August 12, 2012 at 1:00 am

Donna Terek: Donna's Detroit

Maid cafe Chou Anime brings Japanese pop culture to Midtown

Chou Anime Cafe
Chou Anime Cafe: Detroit's very first maid cafe has opened in Midtown. The Japanese-inspired coffee house/shop/clubhouse is staffed by young women dressed in maid costumes -- and one butler. Chou Anime Cafe is the only "meido kafue" in the U.S.

Detroit has seen many "firsts" over the years: first mile of paved road, first techno artists. And now it has its first maid cafe — or "meido kafue," as these novelty coffee houses and restaurants are called in Japan.

Chou Anime (cho an-i-may) Cafe opened on Woodward at Willis in Midtown in mid-June. Its owners, Oneka and Joe Samet of Birmingham, say it's the only brick and mortar maid cafe now operating in the United States. The first one closed after a three-year run in Culver City, Calif.

It serves tea and Great Lakes coffees, salads, sandwiches, wraps and sushi plus many sweets imported from Japan. But the standout features are the chirpy young women dressed in maid costumes who greet you, seat you, serve you and invite you to play board, card or video games at your table for a small (no more than $2) fee.

A maid cafe is a little like a Japanese tea house run by a modern twist on geisha, those elegant Japanese entertainers dressed in elaborate kimono. Maids, on the other hand, dress like — well — maids, in doll-like outfits with ruffles, bows and optional clip-on cat ears.

Maid cafes originated in Tokyo in the early 2000s and quickly spread all over Japan, spawning spin-offs like maid hair salons and car detailing shops. They originally were a subset of cosplay restaurants, where servers and patrons dress as their favorite fictional characters. The maid character is a popular archetype in Japan, appearing in more than 200 manga (Japanese graphic novel or comic books) and anime (animated cartoons/films).

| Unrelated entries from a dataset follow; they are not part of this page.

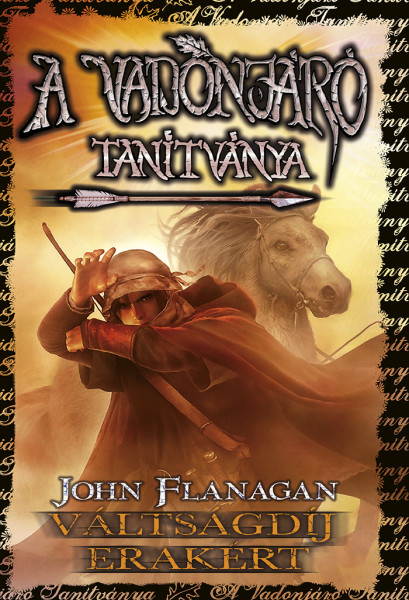 Váltságdíj Erakért - A Vadonjáró Tanítványa 7.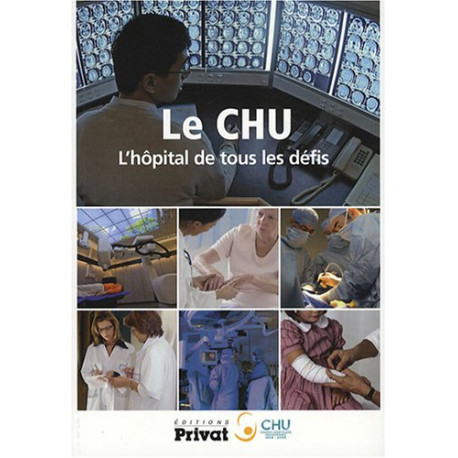 Le CHU : L'hôpital de tous les défis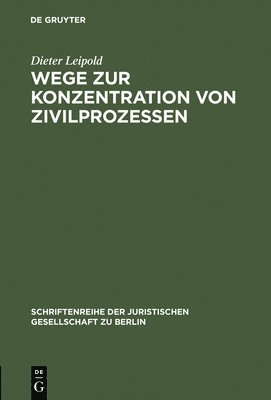 Dieter Leipold - Wege Zur Konzentration Von Zivilprozessen, Inbunden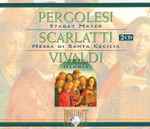 Cover for album: Pergolesi, Scarlatti, Vivaldi – Pergolesi - Stabat Mater / Scarlatti - Messa Di Santa Cecilia / Vivaldi - Gloria(2×CD, Compilation, Reissue)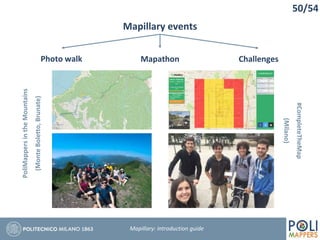 50/54
Mapillary events
Mapillary: Introduction guide
Photo walk ChallengesMapathon
PoliMappersintheMountains
(MonteBoletto,Brunate)
#CompleteTheMap
(Milano)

Anime devotee Derek Parrott, 29, came all the way from Fairhaven, about 40 miles away, to hang out at the café recently.

"The first time I came here, it was purely in an ironic fashion," he admits. "Because there was no way, in my mind, that I thought anyone in America, let alone Michigan, let alone Detroit, could make the necessary conversion to make it [a maid cafe] work in America ... It needed to be authentic without being off-putting. I came here with incredibly low expectations and I was incredibly impressed."

Owner grew up on comic books

Oneka Samet, 35, runs the café's daily operations while Joe, also 35, handles the bookkeeping. "But this is really her thing," says Joe, a recent accounting graduate of Oakland University who still drives trucks for a living while he waits for a job in his field to turn up.

She grew up reading lots of American comics, like X-Men and Silver Surfer. So, as a librarian at the Detroit Public Library's main branch, she wasn't surprised to see young people lining up to check out the Japanese manga and anime.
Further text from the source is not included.